Legally, these threats of war against Iran are a form of aggression even without the US acting on them. The threat of force against a country is prohibited by the United Nations Charter. Unfortunately, US and UK policy towards geopolitical rival powers is often marred by arrogance. We deal with regimes as if our own are flawless, when in fact our political systems and societies are in a state of crisis.

Politicians and journalists talk of “authoritarian” regimes as being paranoid and repressive when our own governments are far more so, exposed by Edward Snowden’s disclosures. As I discovered in my review of The Snowden Files (2014) at The clubof.info Blog, “The Snowden Files and a chopping block”, the media likes to pick on foreign governments and portray them as tyrannical, in spite of all the evidence of our own governments being tyrannical. In The Snowden Files, Luke Harding made an amazing rhetorical display, using the mere similarity of Russian surveillance to US surveillance to boost his case against Vladimir Putin while ignoring the fact that it is the US regime that is supposed to be on trial in his book. Even when the US government is committing the most crimes, anti-Russian journalists prefer to focus on Russia’s mere similarity to the US as the basis for discrediting Russia’s regime and ignoring the faults of America’s regime.

My conclusion is rather different from Harding. In my view, US foreign policy was already losing all credibility due to the illegitimate war on terror, torture and US-led regime changes around the world. The 2013 discovery that the US has the most excessive machinery of repression and monitoring directed against its own people of all regimes in the world showed that the real picture was even worse. I feel that there is a grave injustice at the heart of US society. The images of torture of foreigners in American military-controlled prisons, and the images of protesters being arrested and beaten by police, are not unrelated disparate incidents but the changing face of the American regime from a flawed democracy to something much uglier. The American people are aware that their government is increasingly militarizing the streets and turning its weapons against them, hence the increased appetite for violent protest. While the US government condemns regimes it accuses of shooting their own people, its armed police regularly fire at unarmed Americans.

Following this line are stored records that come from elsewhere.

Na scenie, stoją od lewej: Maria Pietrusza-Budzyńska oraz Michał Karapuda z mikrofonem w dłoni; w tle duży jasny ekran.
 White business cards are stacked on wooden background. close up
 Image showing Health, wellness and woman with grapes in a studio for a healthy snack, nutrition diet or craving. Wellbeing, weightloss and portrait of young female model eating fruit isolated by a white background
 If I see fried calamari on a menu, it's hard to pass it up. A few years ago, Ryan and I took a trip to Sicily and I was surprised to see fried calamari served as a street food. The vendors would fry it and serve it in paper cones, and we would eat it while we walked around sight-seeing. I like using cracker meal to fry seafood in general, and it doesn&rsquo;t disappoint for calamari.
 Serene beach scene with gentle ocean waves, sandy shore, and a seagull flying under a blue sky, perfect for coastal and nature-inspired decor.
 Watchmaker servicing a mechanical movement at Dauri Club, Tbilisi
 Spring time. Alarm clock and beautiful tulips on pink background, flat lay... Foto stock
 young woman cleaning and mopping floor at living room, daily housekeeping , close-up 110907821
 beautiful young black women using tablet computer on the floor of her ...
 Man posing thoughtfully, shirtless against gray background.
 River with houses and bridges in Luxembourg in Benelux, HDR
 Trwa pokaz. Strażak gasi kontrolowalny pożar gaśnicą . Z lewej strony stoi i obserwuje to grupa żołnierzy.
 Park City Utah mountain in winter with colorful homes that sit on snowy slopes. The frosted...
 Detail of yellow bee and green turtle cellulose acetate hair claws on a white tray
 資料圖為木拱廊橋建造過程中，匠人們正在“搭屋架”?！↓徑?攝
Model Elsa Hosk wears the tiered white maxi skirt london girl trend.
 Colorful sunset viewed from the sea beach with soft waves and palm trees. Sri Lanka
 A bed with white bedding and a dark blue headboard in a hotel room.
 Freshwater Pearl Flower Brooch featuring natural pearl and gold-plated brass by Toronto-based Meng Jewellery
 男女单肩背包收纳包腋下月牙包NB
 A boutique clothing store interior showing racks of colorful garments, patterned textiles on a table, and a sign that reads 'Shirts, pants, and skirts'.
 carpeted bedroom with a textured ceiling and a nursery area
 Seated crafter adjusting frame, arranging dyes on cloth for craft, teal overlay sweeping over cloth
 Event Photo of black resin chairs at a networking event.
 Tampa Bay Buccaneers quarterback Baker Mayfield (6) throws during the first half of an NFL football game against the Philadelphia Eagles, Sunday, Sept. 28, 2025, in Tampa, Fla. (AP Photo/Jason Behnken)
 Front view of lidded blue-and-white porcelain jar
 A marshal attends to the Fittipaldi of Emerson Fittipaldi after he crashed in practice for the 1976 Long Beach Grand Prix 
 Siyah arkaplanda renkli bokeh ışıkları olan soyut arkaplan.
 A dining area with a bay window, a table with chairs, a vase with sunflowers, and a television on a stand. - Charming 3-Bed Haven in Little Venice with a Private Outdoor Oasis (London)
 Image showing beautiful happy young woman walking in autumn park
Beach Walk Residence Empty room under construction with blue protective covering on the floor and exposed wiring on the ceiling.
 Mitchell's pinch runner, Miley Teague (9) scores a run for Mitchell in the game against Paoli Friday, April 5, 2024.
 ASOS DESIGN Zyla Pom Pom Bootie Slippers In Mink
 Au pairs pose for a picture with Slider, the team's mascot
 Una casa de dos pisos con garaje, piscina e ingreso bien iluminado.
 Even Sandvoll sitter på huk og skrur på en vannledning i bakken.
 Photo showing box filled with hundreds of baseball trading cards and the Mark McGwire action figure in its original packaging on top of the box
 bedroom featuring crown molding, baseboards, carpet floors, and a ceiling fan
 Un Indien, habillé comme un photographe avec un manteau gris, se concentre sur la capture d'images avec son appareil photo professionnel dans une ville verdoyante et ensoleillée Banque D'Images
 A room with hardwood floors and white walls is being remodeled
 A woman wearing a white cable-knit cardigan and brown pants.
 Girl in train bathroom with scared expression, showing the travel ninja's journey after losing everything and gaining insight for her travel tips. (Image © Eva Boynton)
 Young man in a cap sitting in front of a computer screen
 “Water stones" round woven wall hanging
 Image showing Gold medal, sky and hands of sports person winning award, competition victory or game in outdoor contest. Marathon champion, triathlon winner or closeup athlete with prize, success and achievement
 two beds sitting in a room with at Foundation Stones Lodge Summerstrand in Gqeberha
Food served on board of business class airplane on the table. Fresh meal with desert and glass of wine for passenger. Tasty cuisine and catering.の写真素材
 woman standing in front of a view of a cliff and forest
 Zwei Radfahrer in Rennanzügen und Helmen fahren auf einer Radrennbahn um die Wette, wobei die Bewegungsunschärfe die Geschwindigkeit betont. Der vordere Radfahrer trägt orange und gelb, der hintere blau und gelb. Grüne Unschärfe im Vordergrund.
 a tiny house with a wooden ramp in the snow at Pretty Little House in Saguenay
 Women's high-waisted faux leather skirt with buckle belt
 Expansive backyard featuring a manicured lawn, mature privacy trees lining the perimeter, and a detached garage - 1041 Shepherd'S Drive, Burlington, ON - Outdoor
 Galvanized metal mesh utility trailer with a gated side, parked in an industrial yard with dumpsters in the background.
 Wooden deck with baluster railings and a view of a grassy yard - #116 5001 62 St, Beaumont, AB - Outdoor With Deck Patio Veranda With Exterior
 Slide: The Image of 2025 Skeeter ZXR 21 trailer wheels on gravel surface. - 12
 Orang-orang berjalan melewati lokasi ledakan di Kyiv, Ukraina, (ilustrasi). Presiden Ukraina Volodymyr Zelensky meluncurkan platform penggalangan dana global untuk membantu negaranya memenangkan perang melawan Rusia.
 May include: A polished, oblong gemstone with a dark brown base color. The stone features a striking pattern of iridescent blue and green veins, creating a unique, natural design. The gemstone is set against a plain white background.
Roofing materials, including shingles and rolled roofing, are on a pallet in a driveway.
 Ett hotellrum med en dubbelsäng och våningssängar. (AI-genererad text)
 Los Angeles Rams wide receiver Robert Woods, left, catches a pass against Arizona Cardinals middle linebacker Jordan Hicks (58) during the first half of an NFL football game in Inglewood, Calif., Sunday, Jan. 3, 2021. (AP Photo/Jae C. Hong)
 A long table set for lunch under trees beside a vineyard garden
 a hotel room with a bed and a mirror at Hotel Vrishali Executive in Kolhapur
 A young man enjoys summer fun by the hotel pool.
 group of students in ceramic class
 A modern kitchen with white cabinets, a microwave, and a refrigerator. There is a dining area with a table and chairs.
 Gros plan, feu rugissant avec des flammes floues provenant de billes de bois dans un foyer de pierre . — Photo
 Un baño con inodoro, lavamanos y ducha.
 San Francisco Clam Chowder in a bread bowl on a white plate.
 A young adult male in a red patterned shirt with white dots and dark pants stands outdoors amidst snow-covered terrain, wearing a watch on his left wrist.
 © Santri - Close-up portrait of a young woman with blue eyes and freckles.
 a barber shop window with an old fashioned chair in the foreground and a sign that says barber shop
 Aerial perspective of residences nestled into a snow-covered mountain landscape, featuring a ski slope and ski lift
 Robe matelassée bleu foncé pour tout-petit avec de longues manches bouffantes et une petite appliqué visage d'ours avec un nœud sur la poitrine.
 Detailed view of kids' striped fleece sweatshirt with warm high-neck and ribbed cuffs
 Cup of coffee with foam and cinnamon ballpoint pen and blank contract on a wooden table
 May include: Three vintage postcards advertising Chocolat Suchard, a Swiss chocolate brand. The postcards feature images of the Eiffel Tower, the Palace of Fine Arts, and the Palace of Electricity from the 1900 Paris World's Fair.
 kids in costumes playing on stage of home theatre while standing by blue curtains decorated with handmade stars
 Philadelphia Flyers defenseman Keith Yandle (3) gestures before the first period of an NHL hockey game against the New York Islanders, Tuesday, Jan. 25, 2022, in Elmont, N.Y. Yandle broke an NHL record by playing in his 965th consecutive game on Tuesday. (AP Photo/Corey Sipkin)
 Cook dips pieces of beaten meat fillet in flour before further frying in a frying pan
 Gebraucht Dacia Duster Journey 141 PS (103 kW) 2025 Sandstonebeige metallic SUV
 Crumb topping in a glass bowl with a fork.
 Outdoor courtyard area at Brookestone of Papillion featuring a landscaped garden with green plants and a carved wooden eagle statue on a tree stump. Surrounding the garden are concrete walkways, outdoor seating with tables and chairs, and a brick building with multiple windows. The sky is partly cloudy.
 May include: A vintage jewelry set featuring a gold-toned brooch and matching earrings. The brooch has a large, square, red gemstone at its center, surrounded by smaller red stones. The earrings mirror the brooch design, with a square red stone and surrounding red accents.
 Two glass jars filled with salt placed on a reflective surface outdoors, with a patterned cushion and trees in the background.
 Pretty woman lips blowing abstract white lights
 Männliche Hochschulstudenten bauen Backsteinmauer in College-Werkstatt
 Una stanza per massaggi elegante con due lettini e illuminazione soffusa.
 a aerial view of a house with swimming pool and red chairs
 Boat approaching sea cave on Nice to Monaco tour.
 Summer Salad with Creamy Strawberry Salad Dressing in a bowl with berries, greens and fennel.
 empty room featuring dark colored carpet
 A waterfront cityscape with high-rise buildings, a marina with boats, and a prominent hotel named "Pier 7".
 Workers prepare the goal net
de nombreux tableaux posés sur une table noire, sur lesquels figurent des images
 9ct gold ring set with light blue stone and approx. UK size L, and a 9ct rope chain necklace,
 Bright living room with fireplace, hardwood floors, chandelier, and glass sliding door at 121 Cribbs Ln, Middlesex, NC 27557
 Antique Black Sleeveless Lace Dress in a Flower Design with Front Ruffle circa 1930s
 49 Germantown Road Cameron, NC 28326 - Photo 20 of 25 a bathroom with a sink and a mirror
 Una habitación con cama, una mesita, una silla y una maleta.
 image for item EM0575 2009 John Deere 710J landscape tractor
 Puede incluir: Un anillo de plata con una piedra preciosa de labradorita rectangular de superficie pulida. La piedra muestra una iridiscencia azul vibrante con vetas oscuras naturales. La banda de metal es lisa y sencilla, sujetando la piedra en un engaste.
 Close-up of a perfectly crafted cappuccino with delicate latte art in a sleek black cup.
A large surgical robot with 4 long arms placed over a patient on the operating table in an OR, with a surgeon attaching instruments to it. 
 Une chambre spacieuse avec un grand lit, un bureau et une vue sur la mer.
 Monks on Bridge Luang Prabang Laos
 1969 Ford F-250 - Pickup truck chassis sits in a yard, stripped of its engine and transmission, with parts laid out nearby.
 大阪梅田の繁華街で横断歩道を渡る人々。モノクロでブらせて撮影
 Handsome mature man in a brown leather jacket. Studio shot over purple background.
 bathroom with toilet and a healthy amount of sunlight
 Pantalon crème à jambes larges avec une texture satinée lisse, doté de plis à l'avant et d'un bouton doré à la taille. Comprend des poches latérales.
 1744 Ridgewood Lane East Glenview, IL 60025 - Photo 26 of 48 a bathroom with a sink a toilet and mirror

The ageing and deterioration of democracy in Britain also cannot be understood without acknowledging the politics of the US. If we are simply an extension of the US superpower, culturally and socially, then the authoritarian policies afflicting our country are ultimately the result of a trend that began in the US. By extension, political change in Britain must begin in the United States. The United States is today’s Rome, the hub of the governing elite of the world. No challenge can really be made against global politics unless it takes place first in the United States. It is for this reason that British people should be more interested in the outcomes of US politics than the amphitheater of their own national politics.

This general election we just had in the UK is of little meaning, really, and is simply a coronation of vassals who are part of the American-led policy elite of today’s cultural and economic empire.